* **What you have to do**
Give again, unaltered, the line with "Zander Seersucker shirt brown stripe" and all lines that follow it in the listing below, minus any pictures.
┄┄┄┄┄┄┄┄┄┄
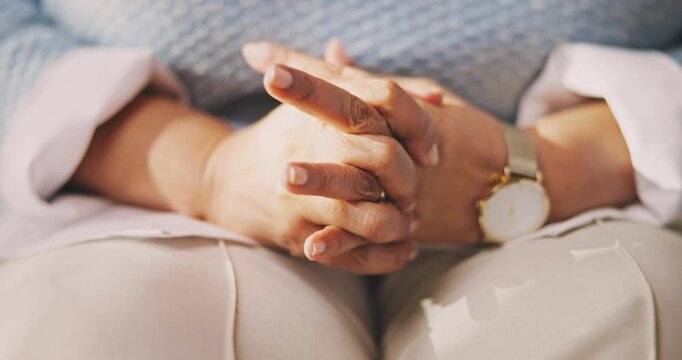 Stress, hands and senior woman in home with uncertainty, thinking and unsure on retirement. Worry, memory loss and elderly person with alzheimers in living room with scared, nervous or concern.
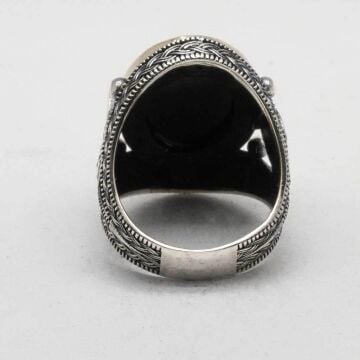 925 Ayar Gümüş Osmanlı Tuğralı Oniks Taşlı Erkek Yüzük
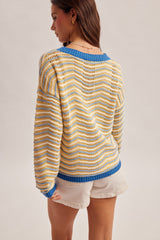 Round Neck Long Sleeve Pointelle Sweater Blue + Yellow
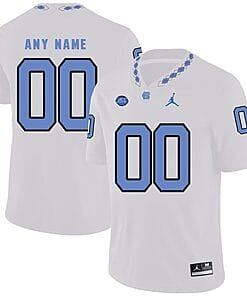 Custom North Carolina Tar Heels Jersey Name and Number NCAA College Football White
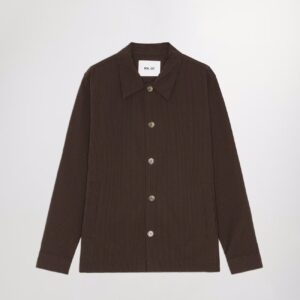 Zander Seersucker shirt brown stripe
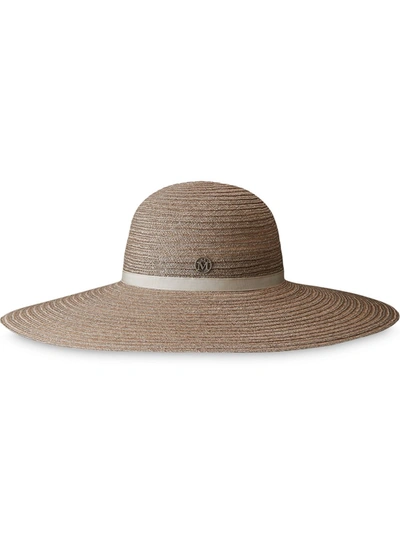 Shop Maison Michel Blanche Hat In Beige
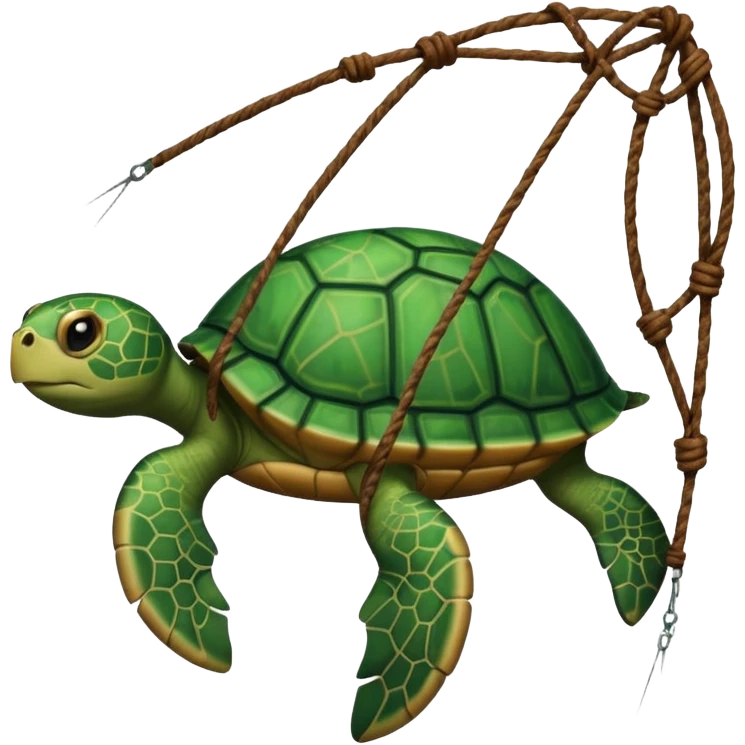 turtle stuck with fishing web emoji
┄┄┄┄┄┄┄┄┄┄
* **Output for this exercise**
 Zander Seersucker shirt brown stripe
 Shop Maison Michel Blanche Hat In Beige
 turtle stuck with fishing web emoji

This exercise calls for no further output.